**Source records:**
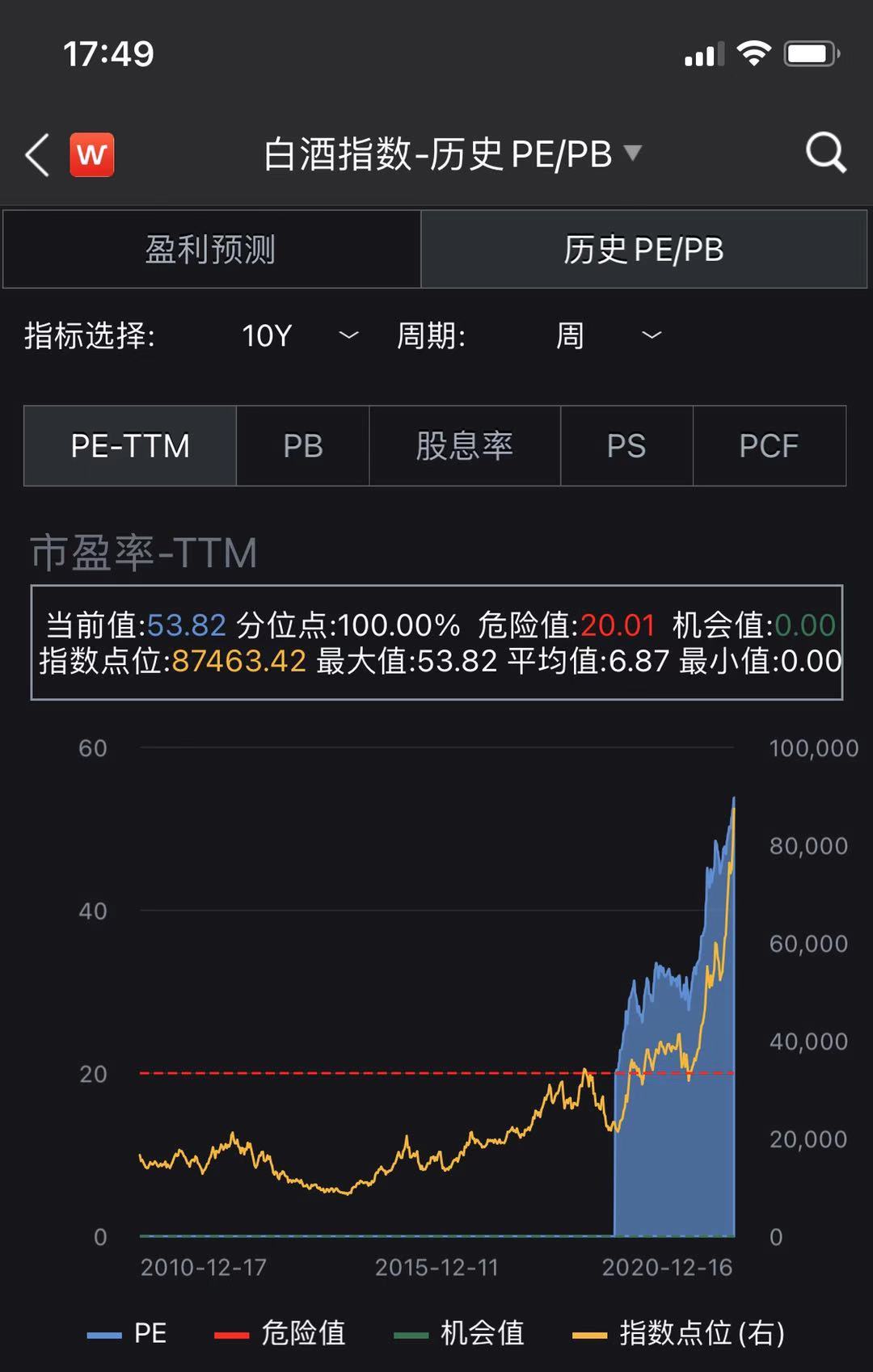 创新药基金“王者归来”,火爆行情还能持续吗?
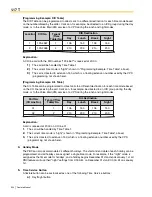 Предварительный просмотр 304 страницы Panasonic KX-TDA600 - Hybrid IP PBX Control Unit Max. 1008... Feature Manual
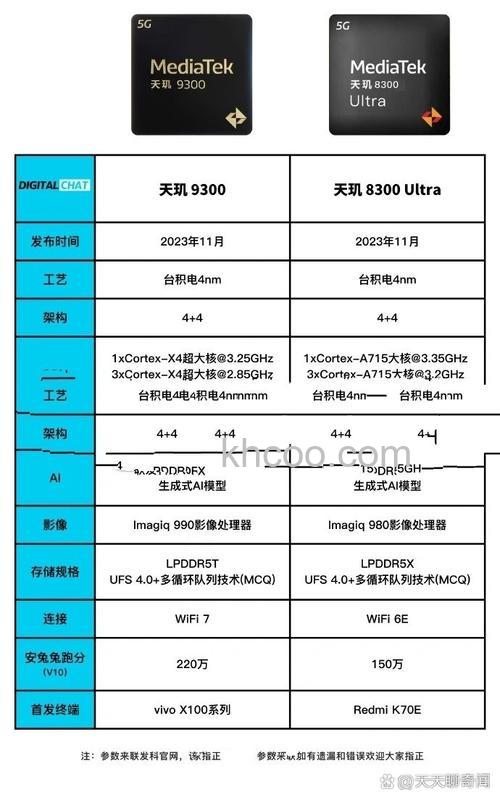 天玑7200-Ultra和天玑8100有多大的差别【详解】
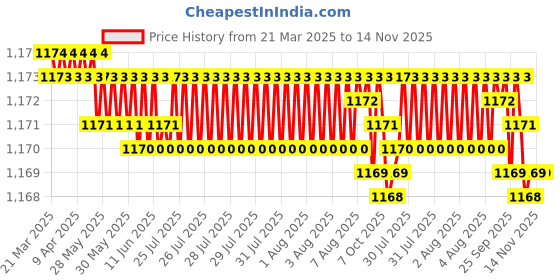 moglix.com YG-1 DL600 7.5x225mm HSS Extra Long Worm Pattern Straight Shank Twist Drill, DL600075 yg-1 Price History Graph from 21 Mar 2025 to 14 Nov 2025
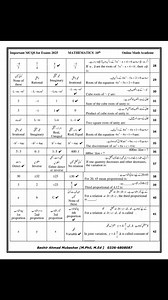 93K views · 444 reactions | #GuessPaper #onlinemath #onlinemathacademy #mathtutor #onlinemathematicsclass #math10 #Maths10 | Online Math Academy | Facebook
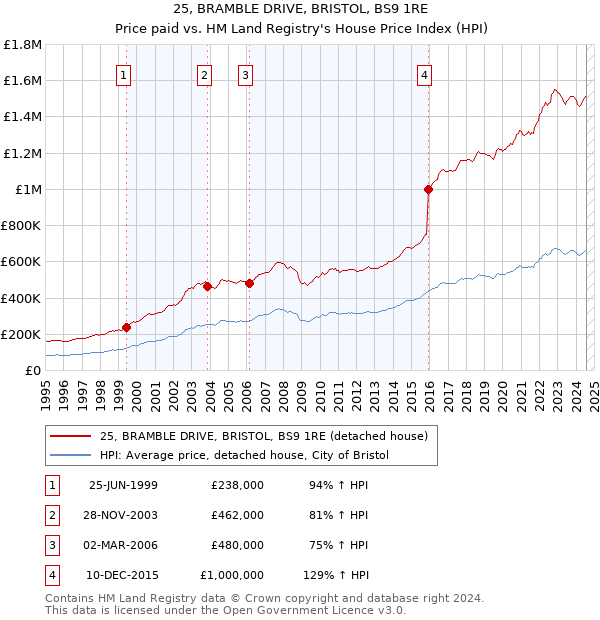 25, BRAMBLE DRIVE, BRISTOL, BS9 1RE: Price paid vs HM Land Registry's House Price Index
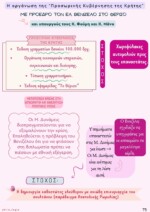 Πακέτο Ιστορίας Προσανατολισμού Γ' Λυκείου (2 βιβλία) - Image 7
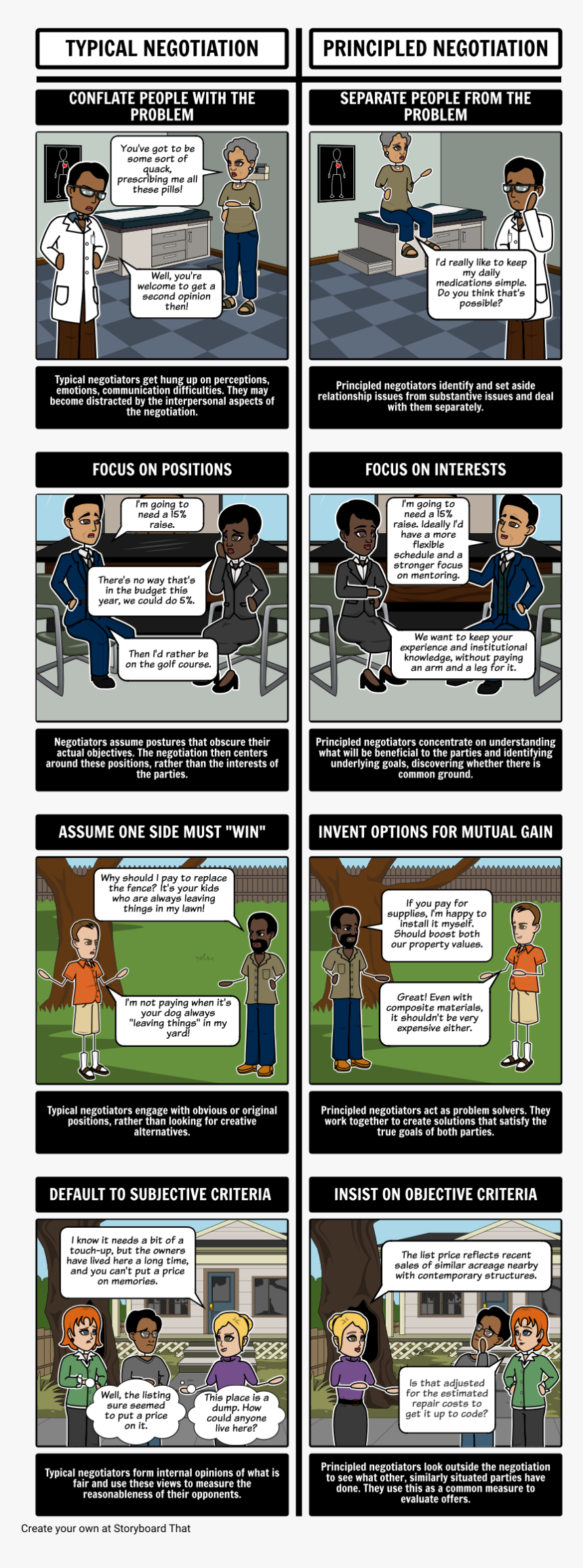Typical Vs Principled Negotiation 
 Style Max-width - Cartoon, HD Png Download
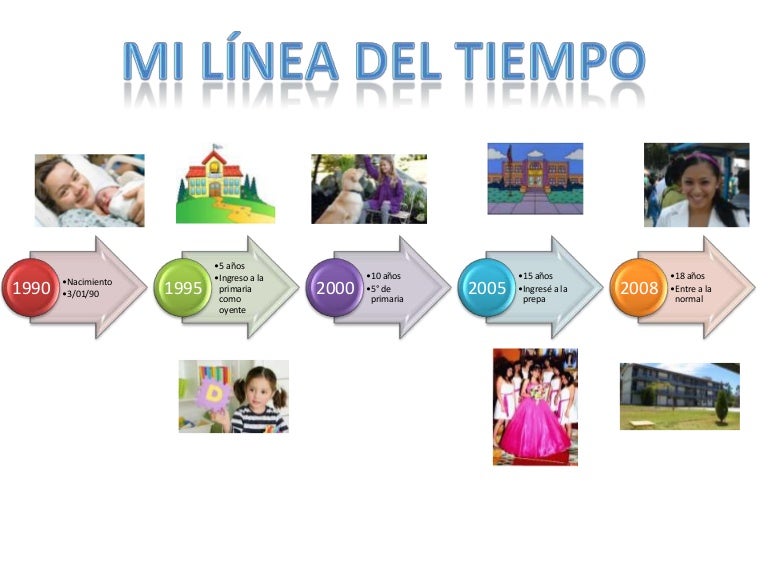 Linea del tiempo act 1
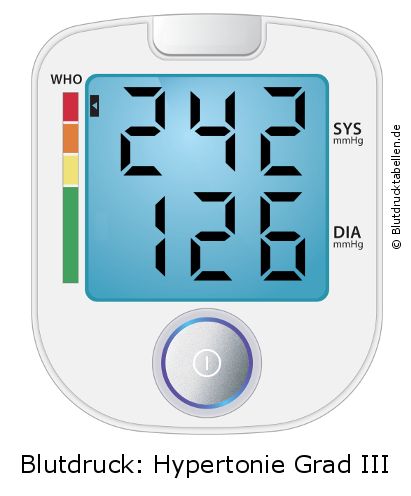 Blutdruck 242 zu 126 auf dem Blutdruckmessgerät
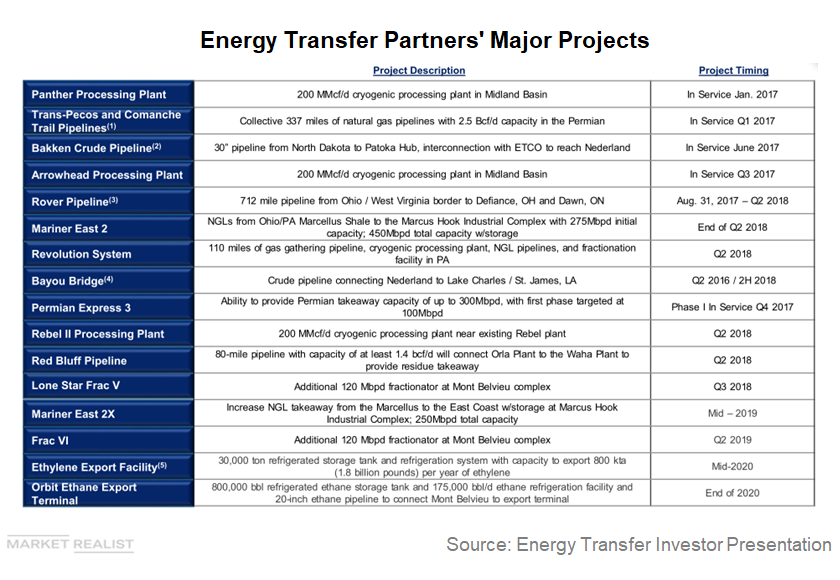 A Quick Update on Energy Transfer Partners’ Major Projects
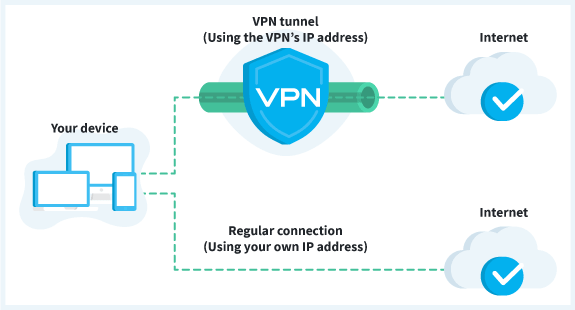 5 of the Most Common VPN Issues and their Fixes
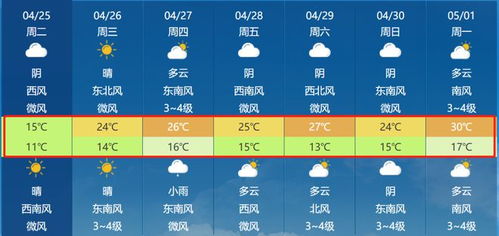 马鞍山天气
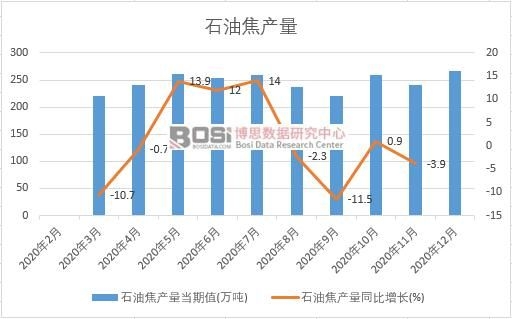 2020年中國石油焦產(chǎn)量月度統(tǒng)計(jì)
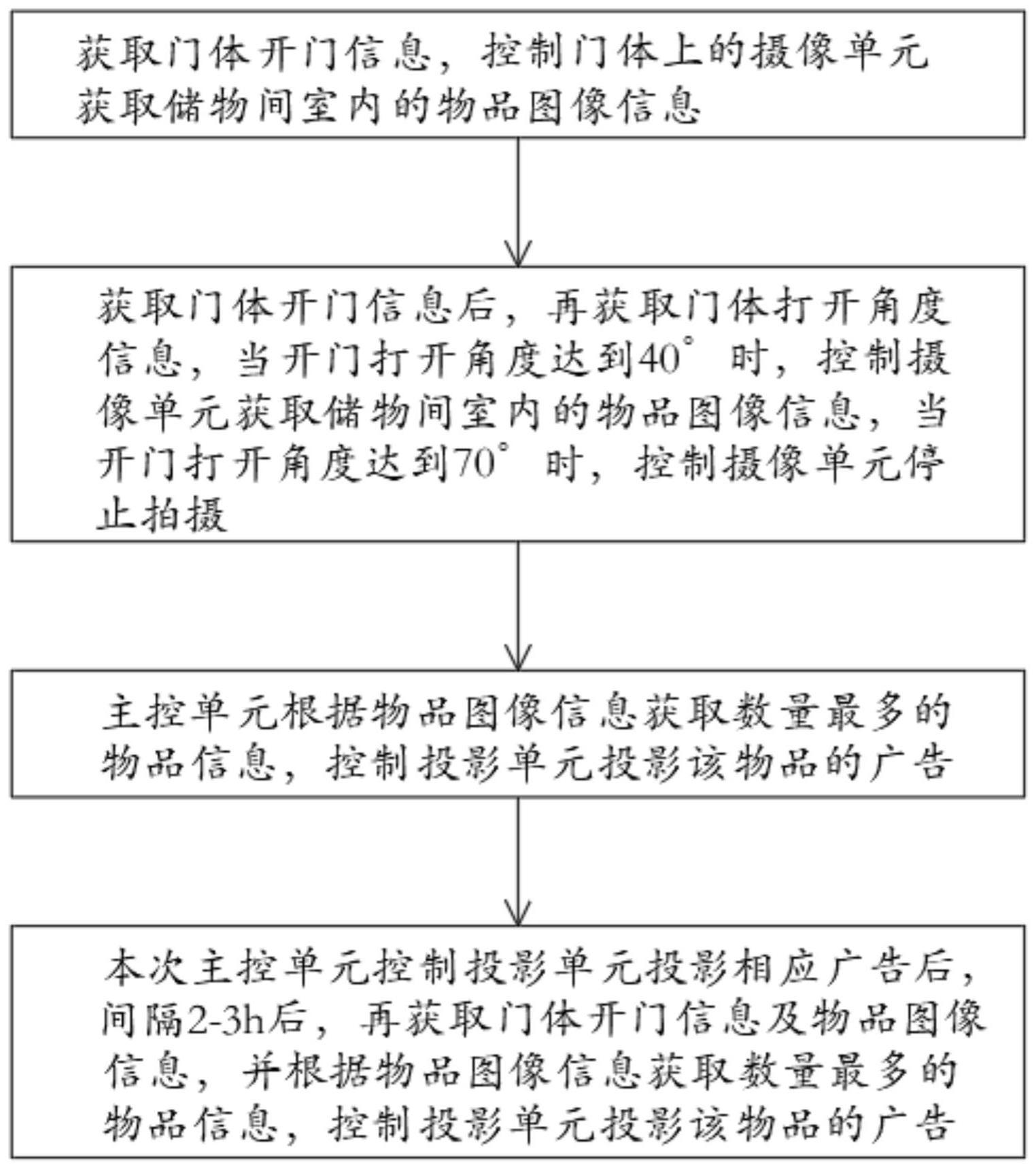 制冷设备的控制方法及制冷设备与流程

**Assigned task:** The final stretch of the data, from the line with "Blutdruck 242 zu" through its last line, is to be retyped exactly; pictures are not part of the copy.

**Solution to the exercise:**
 Blutdruck 242 zu 126 auf dem Blutdruckmessgerät
 A Quick Update on Energy Transfer Partners’ Major Projects
 5 of the Most Common VPN Issues and their Fixes
 马鞍山天气
 2020年中國石油焦產(chǎn)量月度統(tǒng)計(jì)
 制冷设备的控制方法及制冷设备与流程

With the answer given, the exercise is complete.